** Records shown follows **

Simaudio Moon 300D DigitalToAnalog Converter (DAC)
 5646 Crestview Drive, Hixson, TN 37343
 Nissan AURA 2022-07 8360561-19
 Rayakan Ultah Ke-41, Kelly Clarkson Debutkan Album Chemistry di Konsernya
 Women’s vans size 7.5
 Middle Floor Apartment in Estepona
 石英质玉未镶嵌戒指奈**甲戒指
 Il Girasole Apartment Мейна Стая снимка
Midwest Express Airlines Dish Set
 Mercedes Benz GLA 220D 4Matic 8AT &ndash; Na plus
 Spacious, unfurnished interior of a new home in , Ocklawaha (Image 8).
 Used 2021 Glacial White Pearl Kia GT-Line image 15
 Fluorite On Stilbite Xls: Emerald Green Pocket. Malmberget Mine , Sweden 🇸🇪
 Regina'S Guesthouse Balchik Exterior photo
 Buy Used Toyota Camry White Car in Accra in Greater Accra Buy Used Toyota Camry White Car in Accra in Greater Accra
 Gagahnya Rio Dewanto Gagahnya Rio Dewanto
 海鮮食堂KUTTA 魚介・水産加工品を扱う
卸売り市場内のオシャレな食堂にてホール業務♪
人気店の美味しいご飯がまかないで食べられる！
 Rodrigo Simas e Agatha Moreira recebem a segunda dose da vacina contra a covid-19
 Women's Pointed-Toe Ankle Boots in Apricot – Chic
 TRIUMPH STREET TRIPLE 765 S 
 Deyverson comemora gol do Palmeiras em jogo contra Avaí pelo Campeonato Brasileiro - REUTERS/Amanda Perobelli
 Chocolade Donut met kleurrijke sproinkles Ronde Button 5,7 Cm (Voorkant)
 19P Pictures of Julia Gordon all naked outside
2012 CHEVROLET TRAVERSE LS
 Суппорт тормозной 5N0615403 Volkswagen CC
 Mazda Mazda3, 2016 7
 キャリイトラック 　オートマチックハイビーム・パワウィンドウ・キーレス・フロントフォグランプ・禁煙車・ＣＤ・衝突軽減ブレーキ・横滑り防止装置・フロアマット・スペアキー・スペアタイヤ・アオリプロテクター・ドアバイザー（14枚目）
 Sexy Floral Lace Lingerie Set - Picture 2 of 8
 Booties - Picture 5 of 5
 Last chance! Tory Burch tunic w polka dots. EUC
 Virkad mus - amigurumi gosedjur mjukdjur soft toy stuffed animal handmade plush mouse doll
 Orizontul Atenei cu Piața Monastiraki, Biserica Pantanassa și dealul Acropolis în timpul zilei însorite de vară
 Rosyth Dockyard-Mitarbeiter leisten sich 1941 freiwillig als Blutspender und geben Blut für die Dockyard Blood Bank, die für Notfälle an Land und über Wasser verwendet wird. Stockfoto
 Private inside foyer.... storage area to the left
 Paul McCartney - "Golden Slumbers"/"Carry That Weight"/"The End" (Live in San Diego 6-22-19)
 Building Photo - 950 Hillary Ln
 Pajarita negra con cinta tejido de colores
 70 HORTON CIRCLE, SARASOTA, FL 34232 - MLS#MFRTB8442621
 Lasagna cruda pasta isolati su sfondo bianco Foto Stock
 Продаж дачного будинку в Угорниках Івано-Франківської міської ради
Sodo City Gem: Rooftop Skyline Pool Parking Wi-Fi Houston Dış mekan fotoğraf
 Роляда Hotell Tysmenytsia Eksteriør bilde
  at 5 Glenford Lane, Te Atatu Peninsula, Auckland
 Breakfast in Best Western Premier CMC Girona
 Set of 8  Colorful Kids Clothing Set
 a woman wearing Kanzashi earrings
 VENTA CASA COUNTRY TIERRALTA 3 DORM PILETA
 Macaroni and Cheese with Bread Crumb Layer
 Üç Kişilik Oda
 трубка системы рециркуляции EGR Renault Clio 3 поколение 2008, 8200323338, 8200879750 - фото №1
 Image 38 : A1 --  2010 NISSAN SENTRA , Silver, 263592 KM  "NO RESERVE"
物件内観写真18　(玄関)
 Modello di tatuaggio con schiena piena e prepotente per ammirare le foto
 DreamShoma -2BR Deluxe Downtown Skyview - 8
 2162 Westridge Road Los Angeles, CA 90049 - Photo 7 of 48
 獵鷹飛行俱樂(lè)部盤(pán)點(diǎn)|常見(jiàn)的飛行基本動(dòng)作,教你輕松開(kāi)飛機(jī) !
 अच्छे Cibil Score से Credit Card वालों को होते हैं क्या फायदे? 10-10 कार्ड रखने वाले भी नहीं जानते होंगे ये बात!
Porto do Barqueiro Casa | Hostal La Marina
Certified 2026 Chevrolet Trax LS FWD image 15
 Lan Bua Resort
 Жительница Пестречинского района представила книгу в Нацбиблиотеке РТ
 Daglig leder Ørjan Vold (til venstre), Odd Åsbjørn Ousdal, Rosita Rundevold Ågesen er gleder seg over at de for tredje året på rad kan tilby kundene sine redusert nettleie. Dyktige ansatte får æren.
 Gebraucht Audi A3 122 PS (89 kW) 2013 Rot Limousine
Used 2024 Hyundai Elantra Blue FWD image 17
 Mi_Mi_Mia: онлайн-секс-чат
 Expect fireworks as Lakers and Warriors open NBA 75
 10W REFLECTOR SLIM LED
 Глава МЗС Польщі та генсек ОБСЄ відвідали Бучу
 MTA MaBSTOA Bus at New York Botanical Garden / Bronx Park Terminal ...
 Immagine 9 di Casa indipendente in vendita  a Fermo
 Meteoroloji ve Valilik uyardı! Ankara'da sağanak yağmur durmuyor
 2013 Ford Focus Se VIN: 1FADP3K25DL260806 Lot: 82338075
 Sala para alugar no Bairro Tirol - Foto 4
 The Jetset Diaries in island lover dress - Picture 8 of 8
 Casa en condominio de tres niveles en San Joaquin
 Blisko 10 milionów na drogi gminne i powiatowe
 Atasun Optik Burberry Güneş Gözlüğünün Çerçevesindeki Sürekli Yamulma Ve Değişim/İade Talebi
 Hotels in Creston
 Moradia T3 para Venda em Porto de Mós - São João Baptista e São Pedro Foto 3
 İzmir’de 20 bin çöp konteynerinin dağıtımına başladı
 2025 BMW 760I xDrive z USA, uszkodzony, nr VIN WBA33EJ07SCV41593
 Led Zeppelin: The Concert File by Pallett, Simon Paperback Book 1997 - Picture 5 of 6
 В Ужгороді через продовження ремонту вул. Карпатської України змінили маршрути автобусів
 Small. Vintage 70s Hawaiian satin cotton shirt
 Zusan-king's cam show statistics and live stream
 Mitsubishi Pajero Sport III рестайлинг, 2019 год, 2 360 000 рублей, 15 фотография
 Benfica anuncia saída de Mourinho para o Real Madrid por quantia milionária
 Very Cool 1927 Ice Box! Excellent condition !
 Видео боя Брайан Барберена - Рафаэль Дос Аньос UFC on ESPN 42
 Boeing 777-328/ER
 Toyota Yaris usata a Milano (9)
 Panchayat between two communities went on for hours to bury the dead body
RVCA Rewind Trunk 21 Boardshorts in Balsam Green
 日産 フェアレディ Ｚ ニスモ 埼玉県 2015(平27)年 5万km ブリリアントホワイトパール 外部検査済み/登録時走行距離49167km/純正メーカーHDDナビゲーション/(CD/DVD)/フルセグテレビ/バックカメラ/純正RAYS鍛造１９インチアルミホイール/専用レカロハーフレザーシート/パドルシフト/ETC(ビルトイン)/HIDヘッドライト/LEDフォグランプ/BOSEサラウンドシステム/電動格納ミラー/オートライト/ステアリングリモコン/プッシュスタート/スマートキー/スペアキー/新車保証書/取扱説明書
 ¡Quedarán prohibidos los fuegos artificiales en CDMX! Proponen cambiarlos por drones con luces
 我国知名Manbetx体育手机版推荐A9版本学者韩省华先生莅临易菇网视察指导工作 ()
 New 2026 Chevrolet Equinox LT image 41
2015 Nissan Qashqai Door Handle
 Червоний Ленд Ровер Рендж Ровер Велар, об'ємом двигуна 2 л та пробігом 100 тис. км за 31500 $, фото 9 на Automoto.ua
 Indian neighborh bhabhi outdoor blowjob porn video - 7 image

** End of Records shown **

Prompt: In the data above, retype exactly and only the lines between the one holding "Mitsubishi Pajero Sport" and the one holding "日産 フェアレディ Ｚ", inclusive.

Reply to the task:
 Mitsubishi Pajero Sport III рестайлинг, 2019 год, 2 360 000 рублей, 15 фотография
 Benfica anuncia saída de Mourinho para o Real Madrid por quantia milionária
 Very Cool 1927 Ice Box! Excellent condition !
 Видео боя Брайан Барберена - Рафаэль Дос Аньос UFC on ESPN 42
 Boeing 777-328/ER
 Toyota Yaris usata a Milano (9)
 Panchayat between two communities went on for hours to bury the dead body
RVCA Rewind Trunk 21 Boardshorts in Balsam Green
 日産 フェアレディ Ｚ ニスモ 埼玉県 2015(平27)年 5万km ブリリアントホワイトパール 外部検査済み/登録時走行距離49167km/純正メーカーHDDナビゲーション/(CD/DVD)/フルセグテレビ/バックカメラ/純正RAYS鍛造１９インチアルミホイール/専用レカロハーフレザーシート/パドルシフト/ETC(ビルトイン)/HIDヘッドライト/LEDフォグランプ/BOSEサラウンドシステム/電動格納ミラー/オートライト/ステアリングリモコン/プッシュスタート/スマートキー/スペアキー/新車保証書/取扱説明書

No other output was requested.